Metadata-Version: 2.1
Name: transformertopic
Version: 1.8
Summary: Topic modeling using sentence_transformer
Home-page: https://github.com/nareto/transformertopic
Author: Renato Budinich
Author-email: rennabh@gmail.com
License: MIT
Platform: UNKNOWN
Description-Content-Type: text/markdown
Requires-Dist: hdbscan
Requires-Dist: loguru
Requires-Dist: numpy
Requires-Dist: pacmap
Requires-Dist: pytextrank
Requires-Dist: seaborn
Requires-Dist: sentence-transformers
Requires-Dist: umap-learn

# transformertopic
Topic Modeling using sentence embeddings.
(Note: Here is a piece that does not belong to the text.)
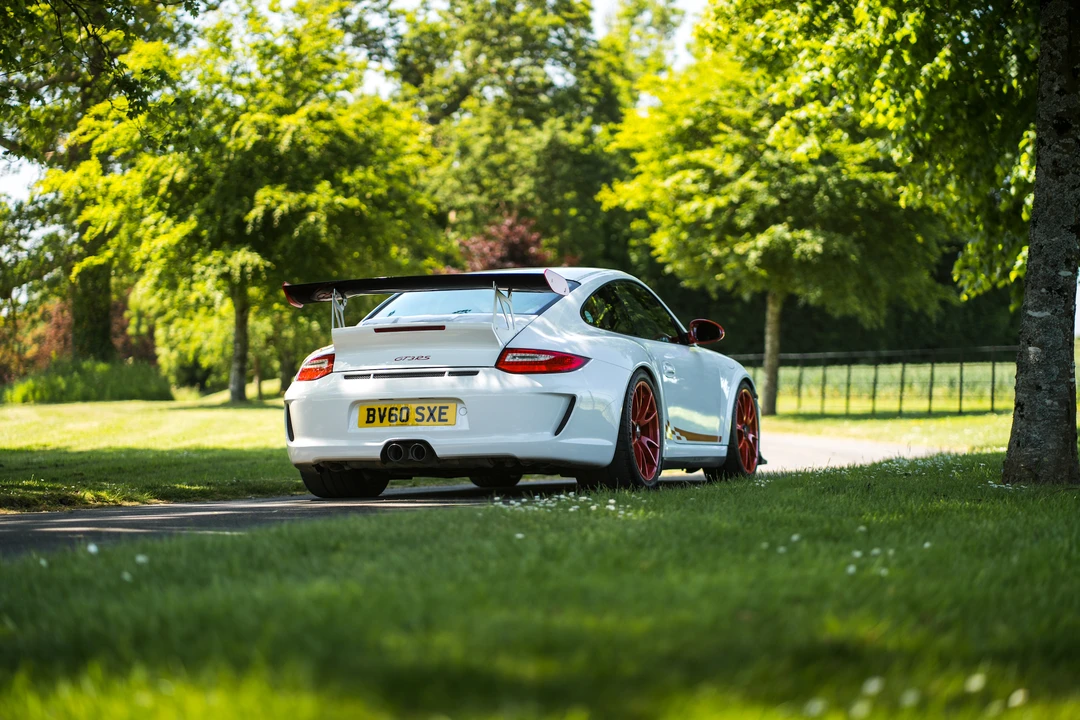 2010 Porsche 997 GT3 RS - Image 27 of 31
This procedure works very well: in practice it almost always produces sensible topics and (from a practical point of view) renders all LDA variants obsolete. 
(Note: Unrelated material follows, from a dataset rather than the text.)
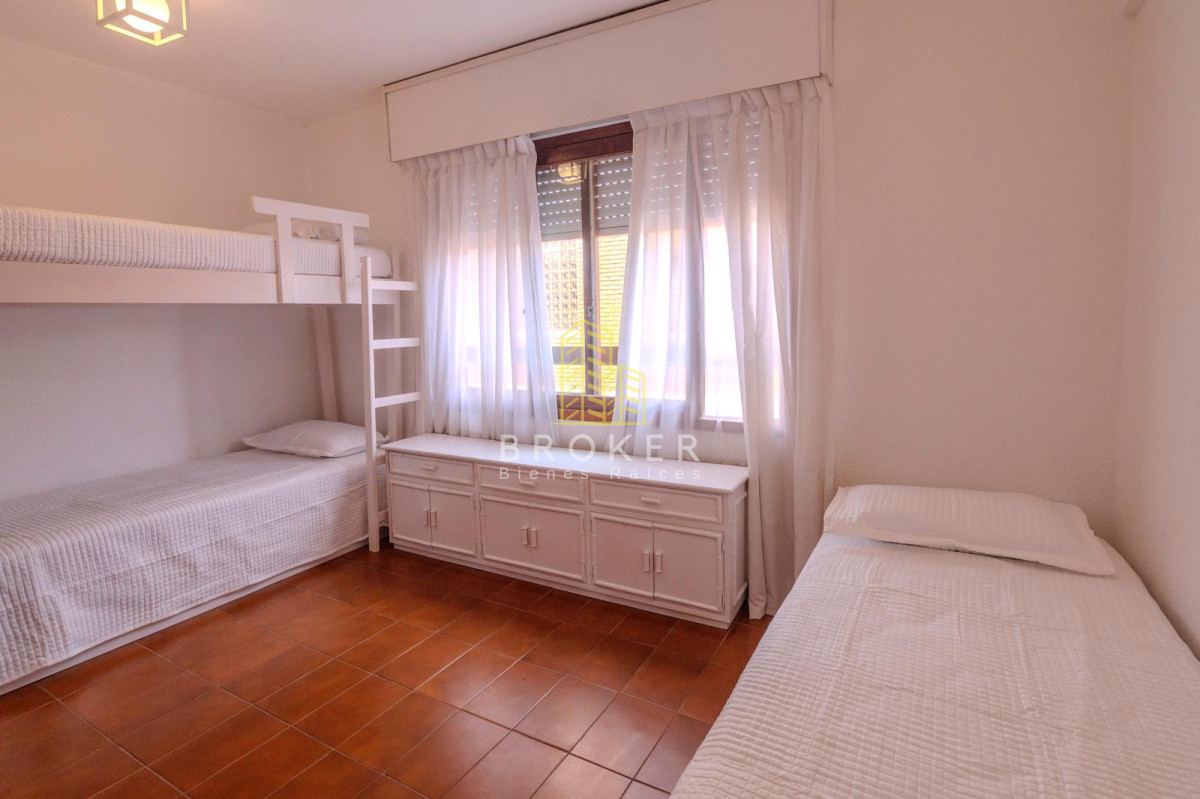 Apartamento ID.2397/Venta_Apartamento,_4_dormitorios,_Península,_Punta_del_Este - Venta Apartamento, 4 dormitorios, Península, Punta del Este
This is my own implementation of the procedure described [here](https://towardsdatascience.com/topic-modeling-with-bert-779f7db187e6) by *Maarten Grootendorst*, who also has his own implementation available 
[here](https://github.com/MaartenGr/BERTopic). Thanks for this brilliant idea! 
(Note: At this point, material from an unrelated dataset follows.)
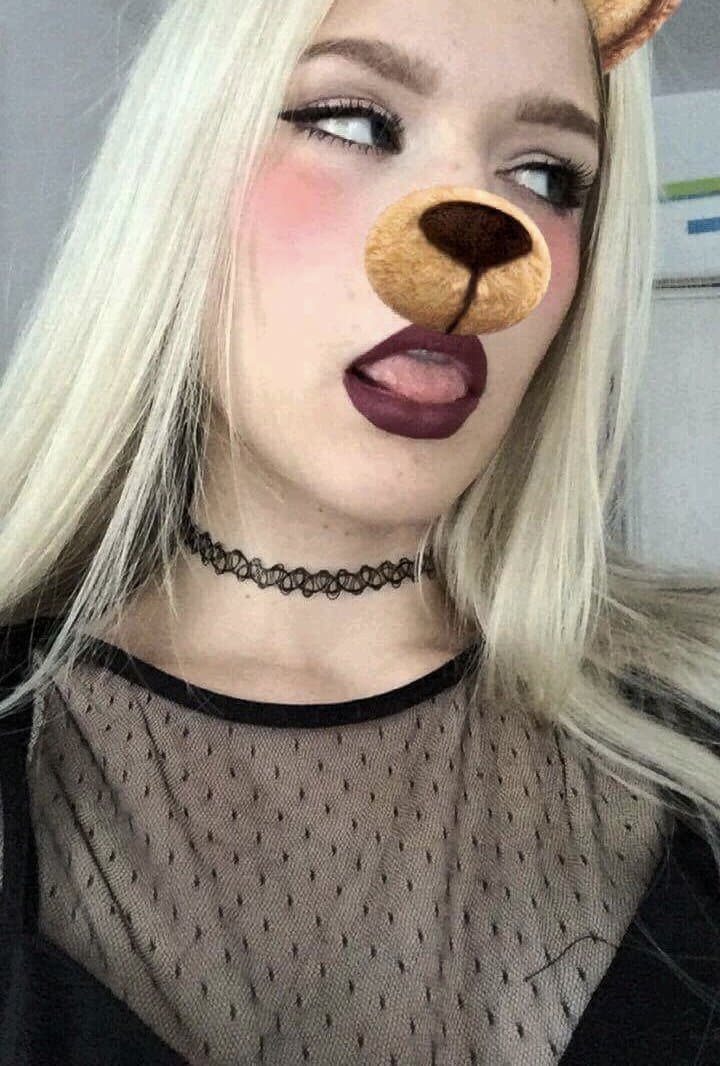 18yo Alternative Blonde Teen with Big Ass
I wanted to code it myself and have features marked with a ⭐, which as far as I know are not available in Grootendorst's implementation.

Features:
- Compute topic modeling 
- Compute dynamic topic modeling ("trends" here)
- ⭐ Assign topics on sentence rather than document level
- ⭐ Experiment with different dimension reducers
- ⭐ Experiment with different ways to generate a wordcloud from a topic
- ⭐ Infer topics of new batches of docs without retraining

# How it works
In the following the words "cluster" and "topic" are used interchangeably. Please note that in classic Topic Modeling procedures (e.g. those based on [LDA](https://en.wikipedia.org/wiki/Latent_Dirichlet_allocation)) each document is a probability distribution over topics. In this sense the procedure here presented could be considered as a special case where these distributions are always degenerate and concentrate the probability on one single index.

The procedure is: 

1. split paragraphs into sentences
2. compute sentence embeddings (using [sentence transformers](https://github.com/UKPLab/sentence-transformers))
3. compute dimension reduction of these embeddings (with [umap](https://github.com/lmcinnes/umap), [pacmap](https://github.com/YingfanWang/PaCMAP), [tsne](https://scikit-learn.org/stable/modules/generated/sklearn.manifold.TSNE.html) or [pca](https://scikit-learn.org/stable/modules/generated/sklearn.decomposition.PCA.html))
4. cluster them with [HDBSCAN](https://github.com/scikit-learn-contrib/hdbscan) 
5. for each topic compute a "cluster representator": a dictionary with words as keys and ranks as values (using [tfidf](https://en.wikipedia.org/wiki/Tf-idf), [textrank](https://derwen.ai/docs/ptr/) or [kmaxoids](http://ceur-ws.org/Vol-1458/E19_CRC4_Bauckhage.pdf) [^1])
6. use the cluster representators to compute [wordcloud](https://github.com/amueller/word_cloud)s for each topic

[^1]: my own implementation, see [kmaxoids.py](https://github.com/nareto/transformertopic/blob/master/transformertopic/clusterRepresentators/kmaxoids.py)

# Installation

    pip install -U transformertopic

# Usage
View also `test.py`.

Choose a reducer

    from transformertopic.dimensionReducers import PacmapEmbeddings, UmapEmbeddings, TsneEmbeddings
    #reducer = PacmapEmbeddings()
    #reducer = TsneEmbeddings()
    reducer = UmapEmbeddings(umapNNeighbors=13)

Init and run the model

    from transformertopic import TransformerTopic
    tt = TransformerTopic(dimensionReducer=reducer, hdbscanMinClusterSize=20)
    tt.train(documentsDataFrame=pandasDf, dateColumn='date', textColumn='coref_text', copyOtherColumns = True)
    print(f"Found {tt.nTopics} topics")
    print(tt.df.info())

If you want to use different embeddings, you can pass the SentenceTransformer model name via the `stEmbeddings` init argument to `TransformerTopic`. 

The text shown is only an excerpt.